→ WORK REQUIRED: An exact retyping of all lines below is the answer; pictures do not belong in it.

→ DATASET CONTENT:
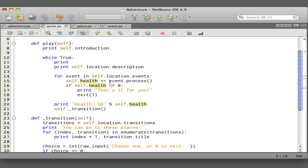When we look at the event class in the event module, we'll see what the process method does. But it returns a value which is the change in your health—zero, a negative number, or a positive number. We add that to the health. Then if your health falls below zero, we print that's it for you and then the program stops.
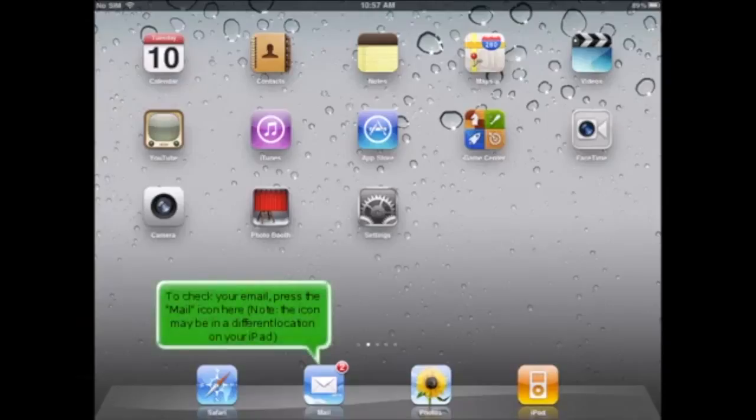To check your email, press the Mail icon here. Note, the icon may be in a different location on your iPad.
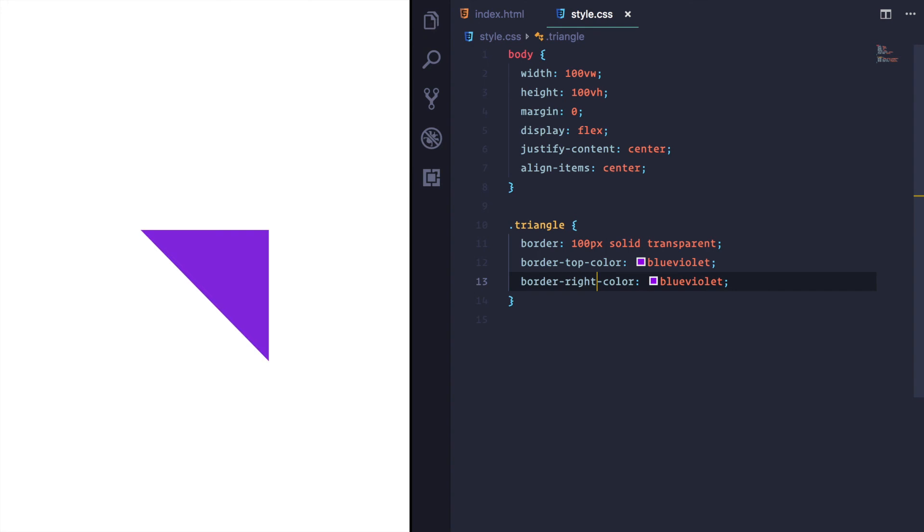So there you have it. That's triangles created with borders. You can go away and impress your boss. Hope you've enjoyed.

→ SOLUTION TO THIS TASK:
When we look at the event class in the event module, we'll see what the process method does. But it returns a value which is the change in your health—zero, a negative number, or a positive number. We add that to the health. Then if your health falls below zero, we print that's it for you and then the program stops.
To check your email, press the Mail icon here. Note, the icon may be in a different location on your iPad.
So there you have it. That's triangles created with borders. You can go away and impress your boss. Hope you've enjoyed.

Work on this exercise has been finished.